WHAT TO PRODUCE:
Within the material below, filter for lines that hold the word "Road".

DATASET ENTRIES:
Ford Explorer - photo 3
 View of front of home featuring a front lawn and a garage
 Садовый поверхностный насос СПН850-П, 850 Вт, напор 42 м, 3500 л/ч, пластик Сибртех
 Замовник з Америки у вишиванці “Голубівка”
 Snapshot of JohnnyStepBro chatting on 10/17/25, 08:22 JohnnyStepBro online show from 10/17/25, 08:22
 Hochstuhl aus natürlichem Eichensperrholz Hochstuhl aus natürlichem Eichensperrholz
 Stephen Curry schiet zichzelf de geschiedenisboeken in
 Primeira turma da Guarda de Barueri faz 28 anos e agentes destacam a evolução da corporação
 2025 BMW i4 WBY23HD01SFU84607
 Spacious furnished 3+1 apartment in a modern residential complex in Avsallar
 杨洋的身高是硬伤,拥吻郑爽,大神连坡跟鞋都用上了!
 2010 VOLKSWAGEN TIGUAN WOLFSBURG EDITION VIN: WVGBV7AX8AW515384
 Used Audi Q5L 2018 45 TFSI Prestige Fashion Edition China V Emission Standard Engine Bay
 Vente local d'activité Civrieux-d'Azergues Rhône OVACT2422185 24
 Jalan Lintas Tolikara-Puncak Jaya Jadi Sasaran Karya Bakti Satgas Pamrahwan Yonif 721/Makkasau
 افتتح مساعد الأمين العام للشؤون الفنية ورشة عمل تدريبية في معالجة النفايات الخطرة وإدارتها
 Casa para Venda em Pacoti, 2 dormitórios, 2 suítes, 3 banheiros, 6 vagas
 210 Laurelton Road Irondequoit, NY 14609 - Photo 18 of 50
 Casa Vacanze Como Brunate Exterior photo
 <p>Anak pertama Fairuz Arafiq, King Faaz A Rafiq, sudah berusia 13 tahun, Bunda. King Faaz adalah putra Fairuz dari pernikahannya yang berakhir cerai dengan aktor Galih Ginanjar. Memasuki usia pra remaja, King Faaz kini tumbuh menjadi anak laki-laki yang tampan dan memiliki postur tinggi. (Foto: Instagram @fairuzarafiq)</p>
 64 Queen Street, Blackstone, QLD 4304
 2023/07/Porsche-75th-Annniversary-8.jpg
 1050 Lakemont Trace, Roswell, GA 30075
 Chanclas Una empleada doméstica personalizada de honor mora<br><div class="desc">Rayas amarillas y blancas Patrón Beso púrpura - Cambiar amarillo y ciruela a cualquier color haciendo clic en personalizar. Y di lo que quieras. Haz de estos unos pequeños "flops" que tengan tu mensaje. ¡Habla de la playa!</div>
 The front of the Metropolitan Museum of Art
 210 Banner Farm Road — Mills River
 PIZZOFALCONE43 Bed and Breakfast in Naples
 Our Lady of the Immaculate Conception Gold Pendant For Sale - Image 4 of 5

EXPECTED OUTPUT:
 210 Laurelton Road Irondequoit, NY 14609 - Photo 18 of 50
 210 Banner Farm Road — Mills River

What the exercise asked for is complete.